- Exercise prompt:
Output must consist only of the lines of the material below from the one with "Image result for Website with Code HTML" through the one with "Eau de Parfum Kashkha", each reproduced exactly; no pictures belong in it.

- Source material:
▽
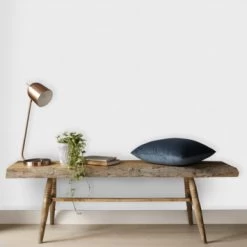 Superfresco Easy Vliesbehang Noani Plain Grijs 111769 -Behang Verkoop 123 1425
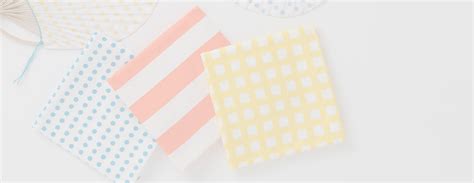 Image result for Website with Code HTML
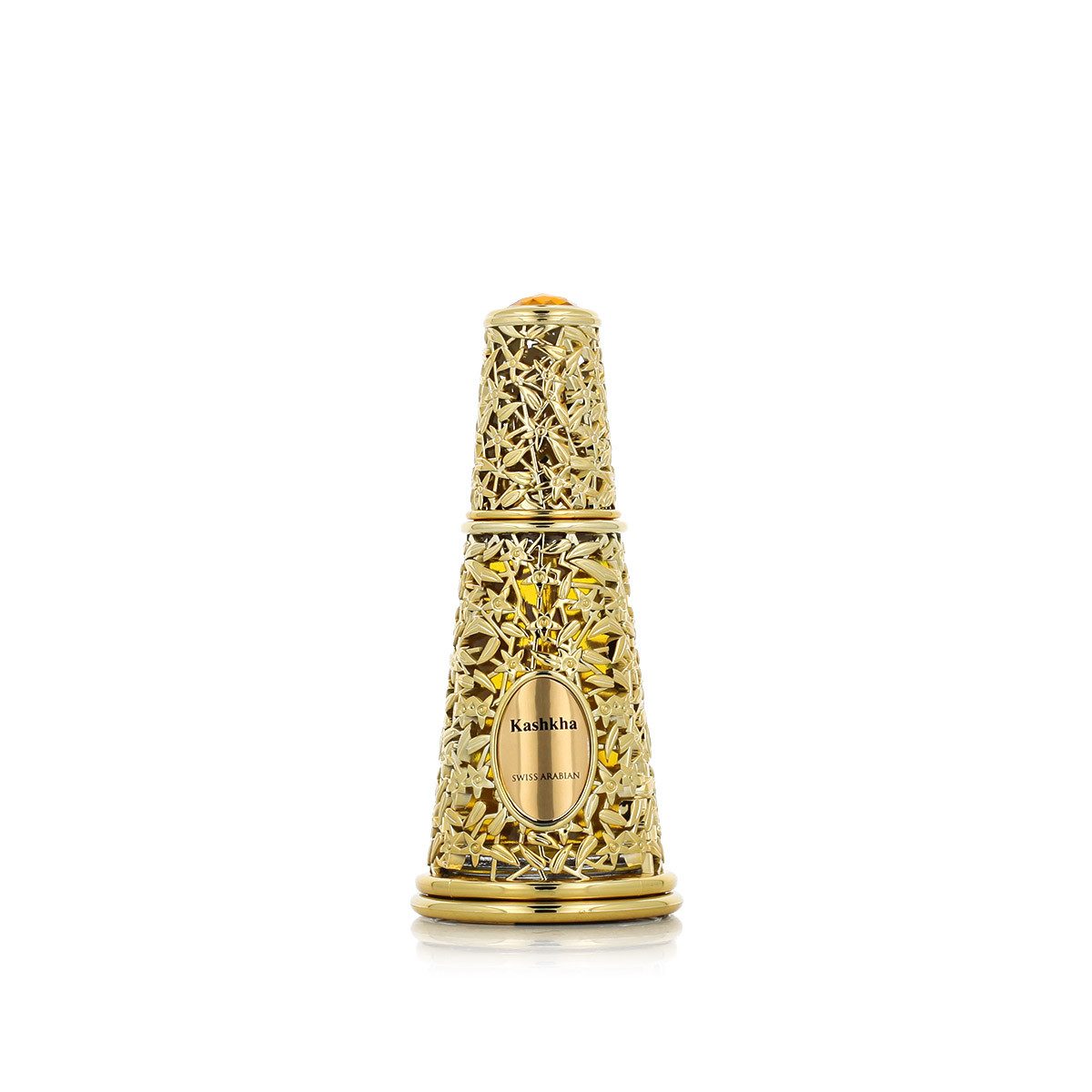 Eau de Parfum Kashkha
△
▽
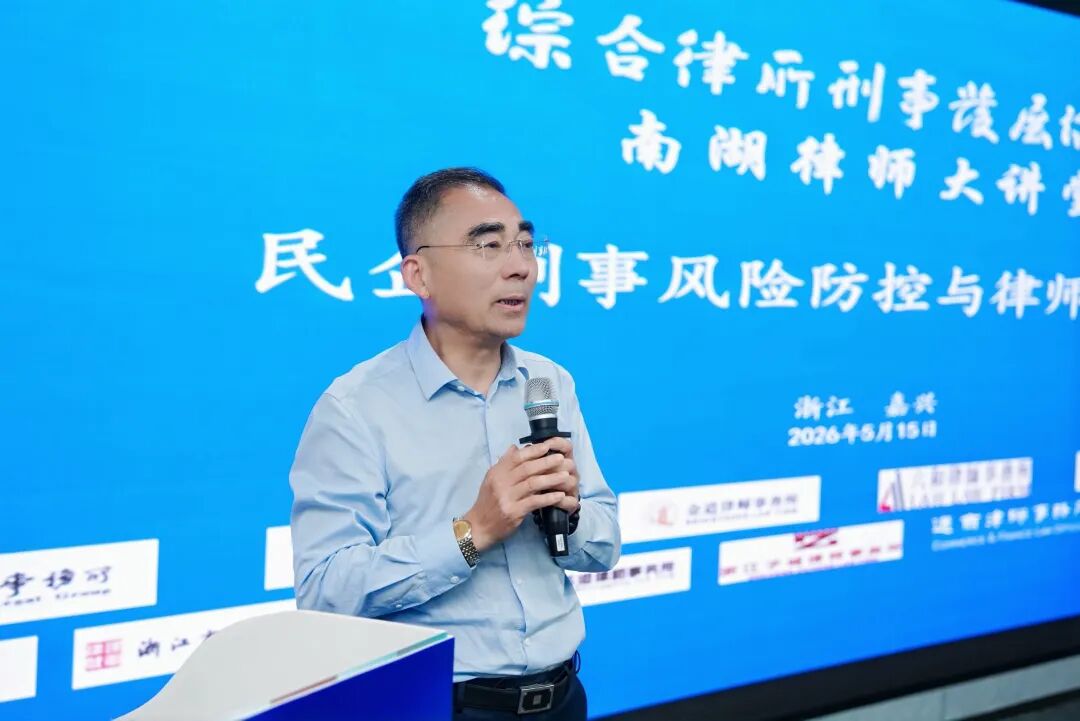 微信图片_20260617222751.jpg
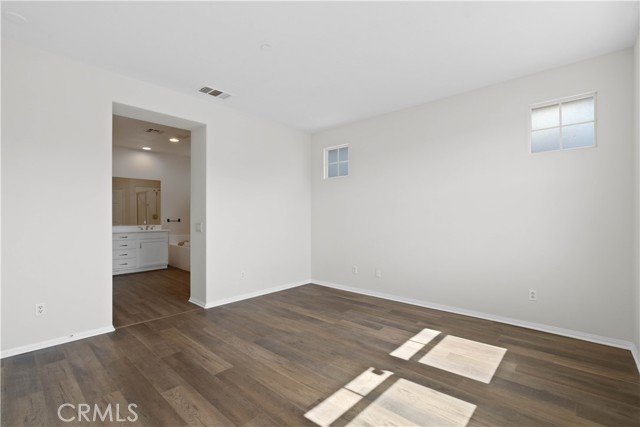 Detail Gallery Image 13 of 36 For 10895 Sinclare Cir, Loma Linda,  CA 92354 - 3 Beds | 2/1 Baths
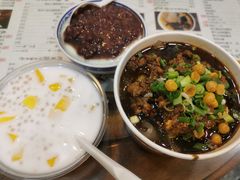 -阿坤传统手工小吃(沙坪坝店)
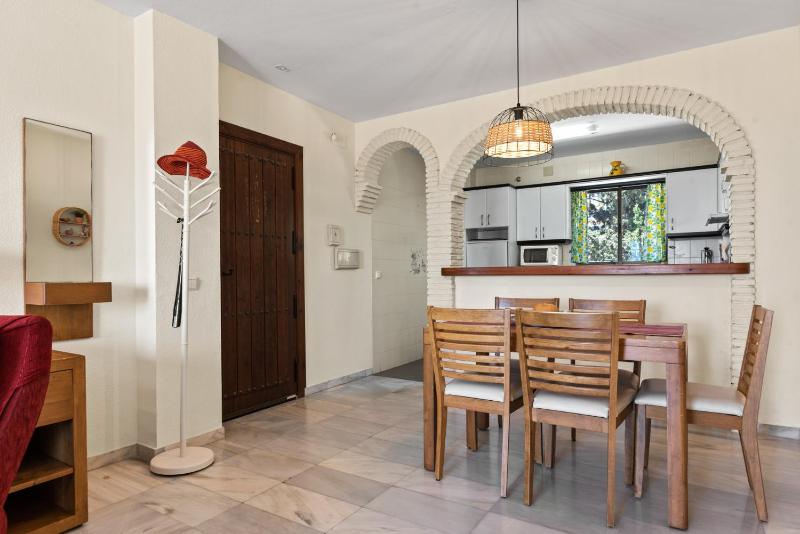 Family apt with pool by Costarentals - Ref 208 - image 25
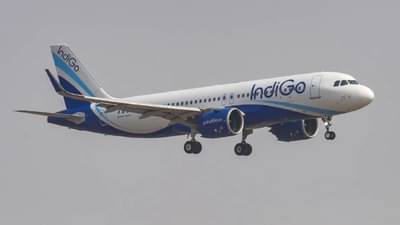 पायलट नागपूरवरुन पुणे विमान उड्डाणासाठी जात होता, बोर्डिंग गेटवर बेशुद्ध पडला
△
- Result for this exercise:
 Image result for Website with Code HTML
 Eau de Parfum Kashkha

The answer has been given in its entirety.